Your task » Only the stretch of the listing below that runs from the line with "Apple iPad pro 4 128 GB in Al Sharqiya" through the line with "ensalada de frutas con helado" is to be printed, exactly and with both ends.

Records »
=-=-=-=-=

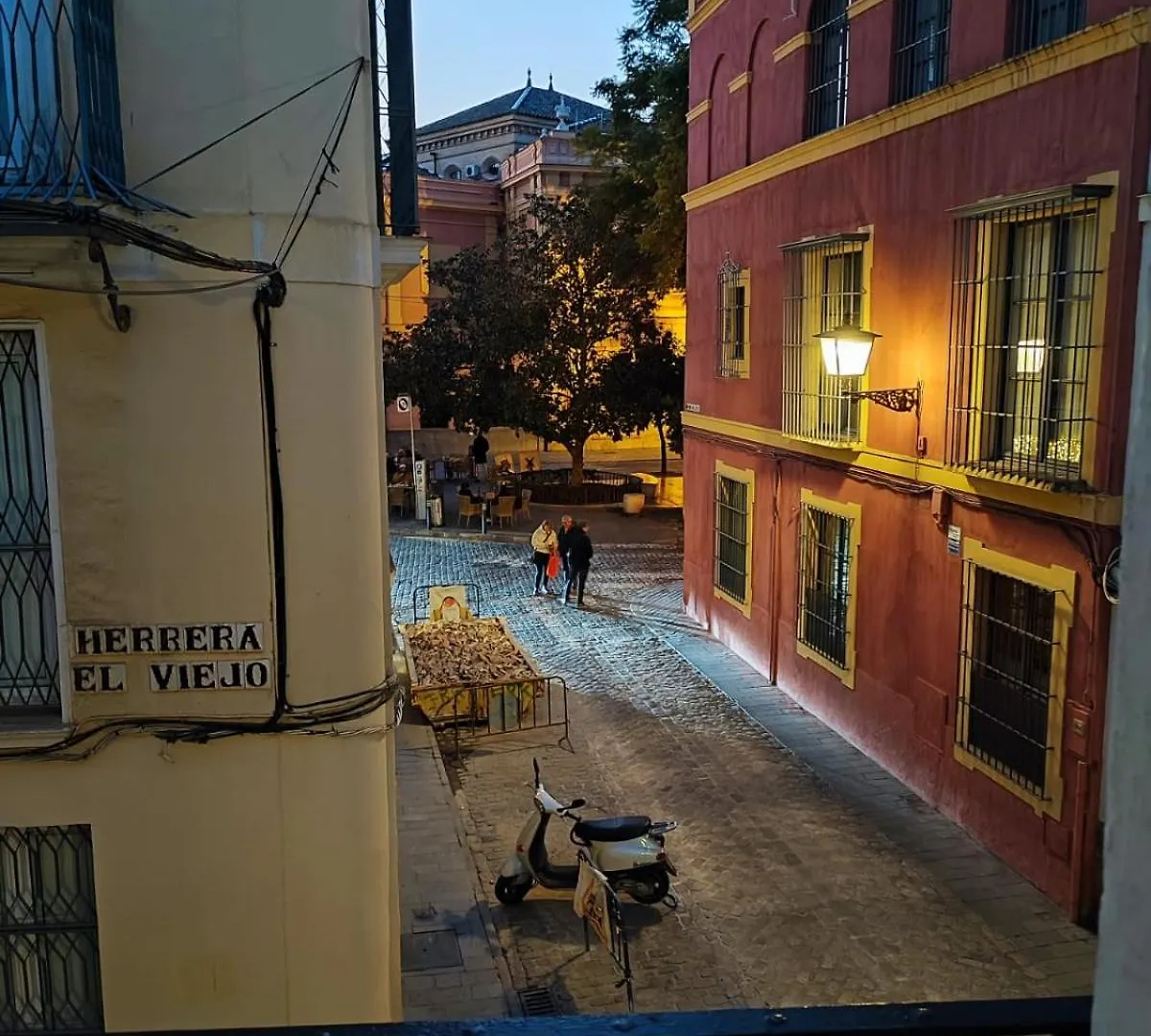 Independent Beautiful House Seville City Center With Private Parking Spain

=-=-=-=-=

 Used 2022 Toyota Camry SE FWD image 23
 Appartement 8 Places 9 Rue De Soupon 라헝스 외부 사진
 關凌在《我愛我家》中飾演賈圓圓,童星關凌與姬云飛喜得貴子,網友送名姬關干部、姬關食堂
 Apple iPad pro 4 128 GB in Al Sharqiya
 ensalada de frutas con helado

=-=-=-=-=

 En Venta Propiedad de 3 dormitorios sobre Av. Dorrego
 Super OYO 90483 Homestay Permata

=-=-=-=-=

Solved exercise »
 Apple iPad pro 4 128 GB in Al Sharqiya
 ensalada de frutas con helado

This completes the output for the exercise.